# Swan 42 - Ron Holland Design - 1980-1985



## SeaFever2000 (Sep 10, 2008)

Any owners out there of a 1980-85 Swan 42? I would like to touch base and know more about this fantastic sailboat.

Cheers.


----------



## mitiempo (Sep 19, 2008)

Here's one place to try. Swan Owners Association of America


----------



## jtscranton (Sep 23, 2012)

Currently I am restoring a Ron Holland Swan 42', race boat and need to fabricate a new pulpit. I am looking for photographs and or another owner in the area. I'm in Virginia and would appreciate any information.
Thanks, John


----------



## Faster (Sep 13, 2005)

Plenty of images here:

View Boat Photos - YachtWorld.com

and here:

http://www.yachtworld.com/core/list...49/Nantucket/MA/United-States&boat_id=2351449


----------



## jtscranton (Sep 23, 2012)

Thanks Faster that's helpful.
John


----------



## Faster (Sep 13, 2005)

Da nada.... 

Any good SS fabricator can create what you'll need.. and you have the opportunity to customize at the same time (eg, pulpit seat, nav lights, etc.)


----------



## jamesjle (Sep 1, 2011)

I am currently restoring 42/003 in Sydney and would be very interested in comparing notes


----------



## jtscranton (Sep 23, 2012)

Sounds good,
John


----------



## jamesjle (Sep 1, 2011)

We have 42/003, built in 1981. we purchased in Europe earlier this year and shipped the boat back to Sydney. The fundamentals are very good, sound dry hull and deck, new teak 06 spars and engine good. Systemically she needs renewal, new plumbing fuel lines etc. I will also refinish all the varnish. The spars are being re anodized.

We have stripped out all the old instrumentation and found miles of old wire from 30 years of add on. The boat is very original and fortunately none of the previous owners have messed up the deck layout or interior.

We have found the yard helpfull. They don't have all the old fittings but can produce a surprising number.
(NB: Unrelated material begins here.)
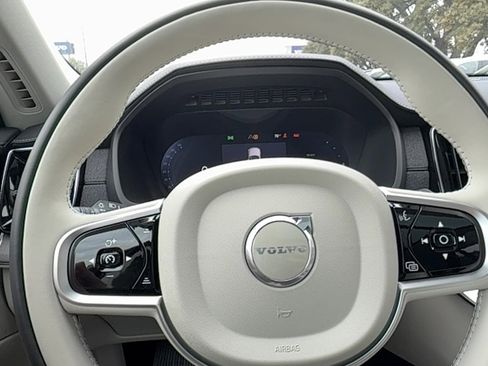 New 2026 Volvo XC90 T8 Ultra w/ Protection Package Premier image 20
This is probably not the place for an ongoing exchange on the finer points of a 42.
Let me know if you think email would be better.


----------



## jtscranton (Sep 23, 2012)

To jamesjle,
I'm having a bit of trouble posting on this website the problem seems to be posting an email but yes I do prefer email. (yahoo) 
My boat is the prototype. a flush deck race boat. It was used well and hard, now in need for a refit. I found a fabricator to rebuild the pulpit but could really use a few photos specific to that purpose, that would be most helpful. 
Thanks, 
jtscranton


----------



## SloopJonB (Jun 6, 2011)

jtscranton said:


> To jamesjle,
> I'm having a bit of trouble posting on this website the problem seems to be posting an email but yes I do prefer email. (yahoo)
> My boat is the prototype. a flush deck race boat. It was used well and hard, now in need for a refit. I found a fabricator to rebuild the pulpit but could really use a few photos specific to that purpose, that would be most helpful.
> Thanks,
> jtscranton


Can't post PM's until 15 posts - anti spam measure.


----------



## jamesjle (Sep 1, 2011)

John, herewith 3 pulpit photo's. I can provide some dimensions if you let me know what you want. As you will note the steel is a little bent in places, 30 years of action.

I think as junior members we are barred from exchanging email addresses for a while, anti spam or something. I think I/we can perhaps apply to each other to be "friends" that might circumvent the problem.

No doubt doing what you are you must be aware of the rebuild of "Flirt of Paget", another very close relative of the S42. Is your boat a Swan build or a one off. We built a boat in NZ in 80>82 so were very aware of the IOR success of Holland at that time.

I think the Holland period at Nautor is rather underrated by some, perhaps the fans of S&S and Freres. The boats, at least externally, were a dramatic departure, definitely a more brutal elegance than past or future.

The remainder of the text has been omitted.